Check out our Cool Cats!

I really work with first graders on colors (primary, secondary, warm, cool) and this is a project I got from a teacher in my former district (Thanks, Judy!) before she retired:


I'm so cool!


Almost too cool for school over here.
 I apologize for not taking photos along the way, but it's been crazy busy around here (and I'm also the tiniest bit of lazy these days).  We start by drawing the cats together using black watercolor marker--I don't tell them what they're drawing to begin, I just have them copy me.  Draw a circle, and they draw it.  Add this curved line, now this straight line, etc.  They figure out it's a cat before we're done.  Then we talk about cool colors and choose them from our markers.  We use dark blue, light blue, dark green, light green and violet Mr. Sketch markers.

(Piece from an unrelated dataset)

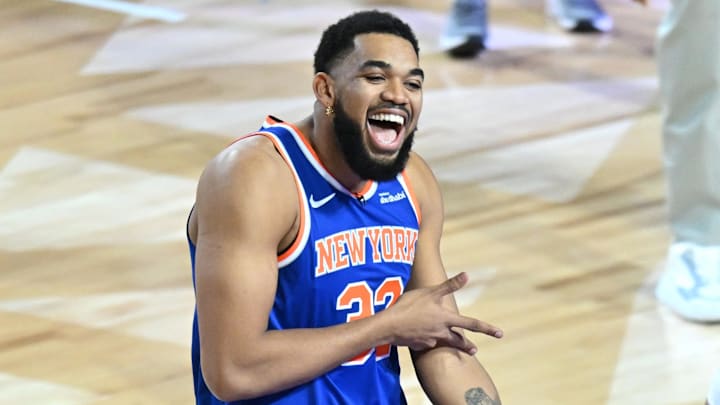 Feb 14, 2026; Los Angeles, CA, USA; Team Knicks guard Jalen Brunson (11) of the New York Knicks and center Karl-Anthony Towns (32) of the New York Knicks react in the shooting stars competition during the 2026 NBA All Star Saturday Night at Intuit Dome. Mandatory Credit: William Liang-Imagn Images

My name is Jack, and I'm one cool cat!

I'm AJ and I'm cool, too.
I have a bunch of finished examples because I've done this project so many times, so I put some finished cats up and we talk about coloring all the way, not leaving any white, and using ONLY cool colors.  It takes them about 2 class periods (or a little more) to color them all the way.

Don't be jealous of my boogie.

Heeeeyyy, what's up? I'm one cool cat!
When most of the class is done coloring, we talk about warm colors and make torn paper backgrounds for our cats.  We usually do these on manilla paper.  It's a good time to practice our gluing skills.  When our backgrounds are done, we cut and glue our cats and then add cool details like sunglasses and collars.  I use whatever I have on hand for the collars--this year it was shiny paper from some paper remenants I ordered.  (If you've never ordered paper remenants from supply houses, you totally should, you never know what sort of goodness will be in there!)  In the past it's been scraps of scratch-art paper or metallic paper.  No matter what, the students love it!

I'm sporting a cool hat on my cool head.

I'm Jake, and I'm the last cool cat on this blog post.
After this, first grade learns the importance of all the primary colors when one is taken away (hope I haven't spoiled a future post!)